Print the lines in the listing below starting at the line with "Oboz Men's Bridger" and ending at the line with "Palmeraie - Open", both included. Reproduce them exactly and omit every picture.

THE INPUT >>
++++++++
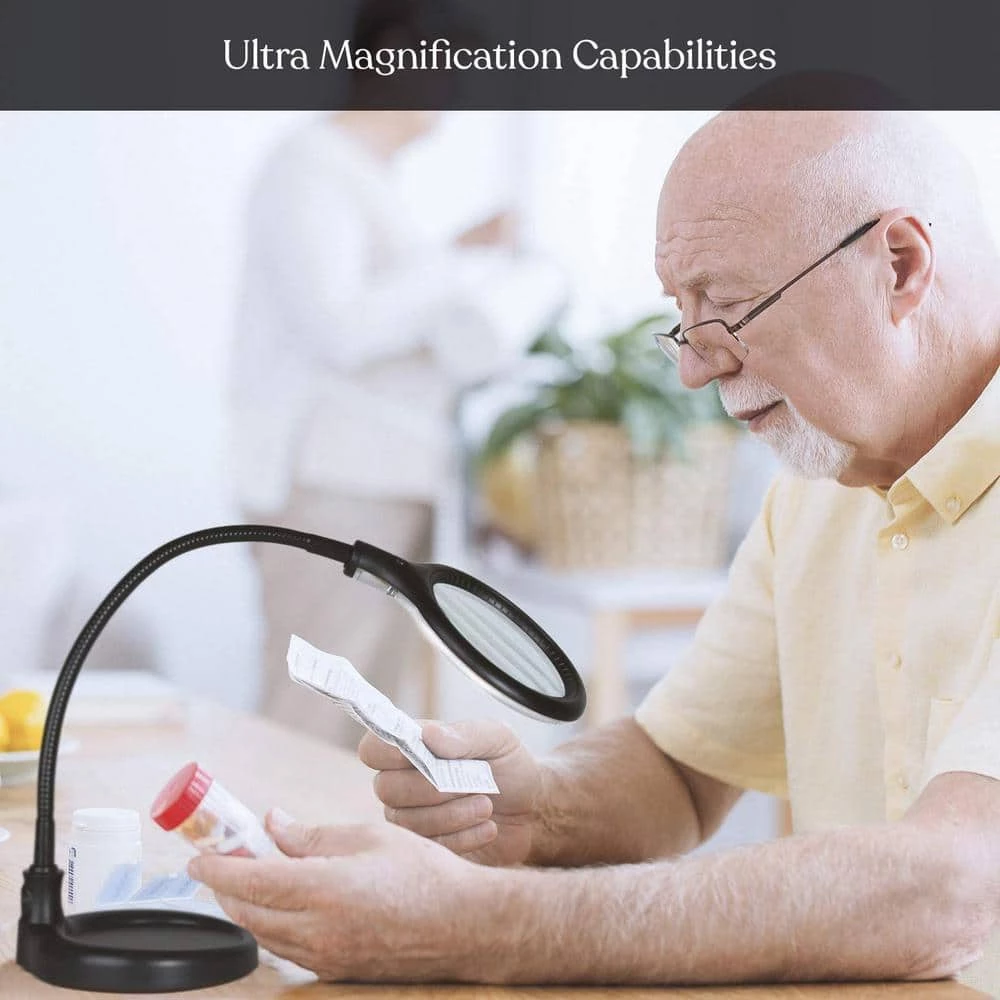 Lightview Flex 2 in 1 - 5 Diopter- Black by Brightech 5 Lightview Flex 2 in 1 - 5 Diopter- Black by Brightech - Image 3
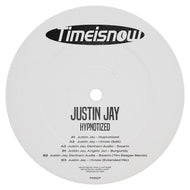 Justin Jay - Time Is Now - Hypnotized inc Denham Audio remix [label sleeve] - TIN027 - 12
++++++++
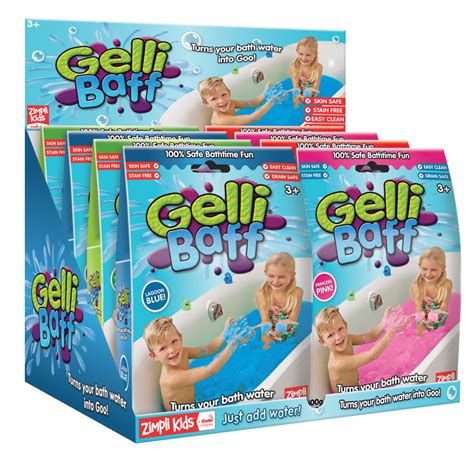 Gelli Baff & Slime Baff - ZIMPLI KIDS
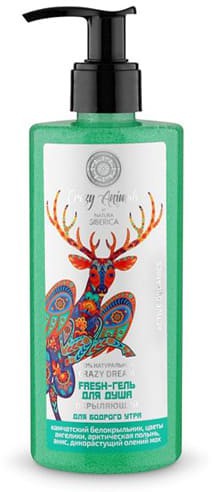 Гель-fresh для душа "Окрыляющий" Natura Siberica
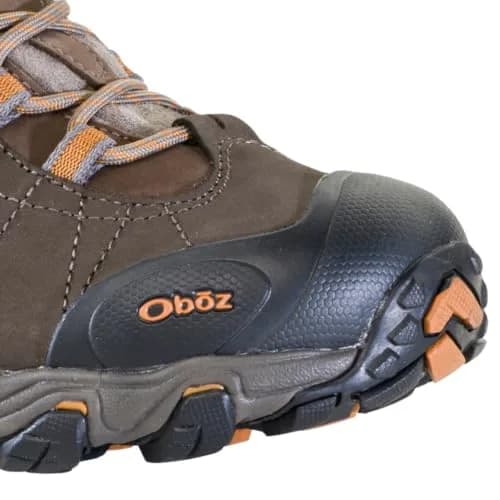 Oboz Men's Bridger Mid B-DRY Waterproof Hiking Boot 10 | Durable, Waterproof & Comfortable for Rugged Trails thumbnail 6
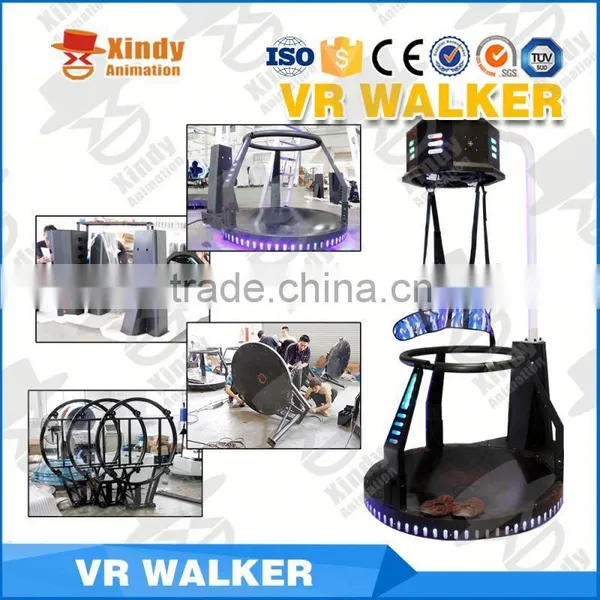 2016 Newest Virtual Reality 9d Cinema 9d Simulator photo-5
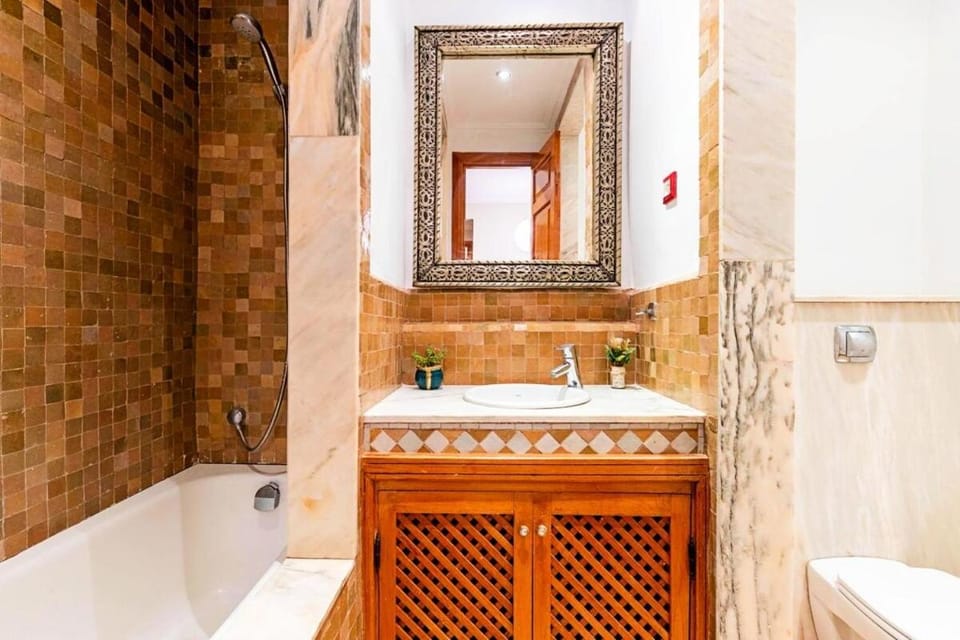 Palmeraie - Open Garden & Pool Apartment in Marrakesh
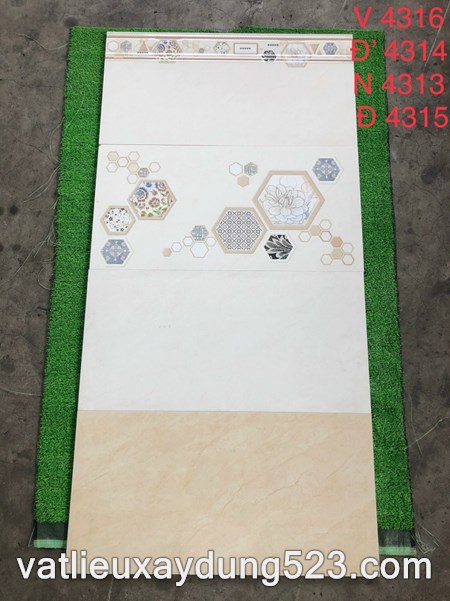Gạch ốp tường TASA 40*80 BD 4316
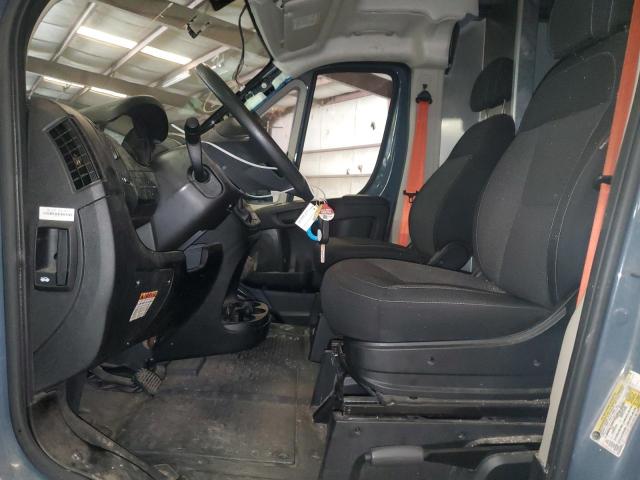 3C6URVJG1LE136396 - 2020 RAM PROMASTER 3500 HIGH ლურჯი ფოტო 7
++++++++
COMPLETED TASK >>
 Oboz Men's Bridger Mid B-DRY Waterproof Hiking Boot 10 | Durable, Waterproof & Comfortable for Rugged Trails thumbnail 6
 2016 Newest Virtual Reality 9d Cinema 9d Simulator photo-5
 Palmeraie - Open Garden & Pool Apartment in Marrakesh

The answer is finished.